Cairo blues. It is impossible not to think about the Cairenes at the moment. They are rebelling against a leadership they don’t want. As I am writing these words the news is filled with headlines like “Anger in Cairo” and “Shots in Cairo”.
Tourists are clogging up Cairo airport in desperate attempts to go home. This is no longer a place to sightsee. The pyramids in Giza are closed to the public. Cairo is no longer a peeping hole into the past, a place to contemplate history and the ancient pharaos. Today, Cairo’s history is in the making. After having suffered in the hands of Hosni Mubarak for thirty years, the Egyptians have had enough. They want change!
My thoughts wander to the man in the photo. Exactly one year ago, we spent some time in Cairo. Discovering the back alleys and trying to decipher the culture. I wonder where this man is today. Is he still sat in his café overlooked by images from the past, smoking his shisha? Or is he amongst the protesters in Tahrir square, calling out for a new direction?
Cairo coffee houses are institutions rather than just places to grab a quick drink. There is chess playing going on, continuous shisha smoking and male bonding. “Fishawi’s” is the city’s most infamous coffe house, or ahwa, and possibly also the most photogenic one. However, a wander through Cairo’s back streets reveal ahwas stripped of tourists and filled with Cairenes going about their daily lives in an almost filmatic manner.

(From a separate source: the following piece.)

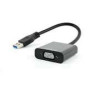 GEMBIRD AB-U3M-VGAF-01 USB 3.0 to VGA video adapter black blister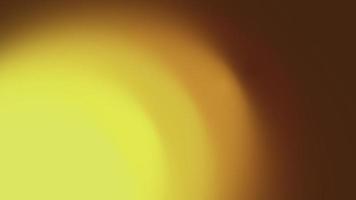 sfondo radiale morbido di colore arancione foto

We popped our heads into this little coffee house and were given strange looks at first. The floor was filled with sawdust and the dark wooden paneling smelt of tobacco and coffee beans. As any photographer knows, taking pictures in Islamic countries can prove a real challenge, especially when photographing women. The men however, are fine being photographed as long as you establish a rapport with them on beforehand. They (and I suppose very few others) don’t appreciate being subjected to candid photography which unfortunately tends to be the norm when tourists venture into new places and feel intimidated getting talking to the locals.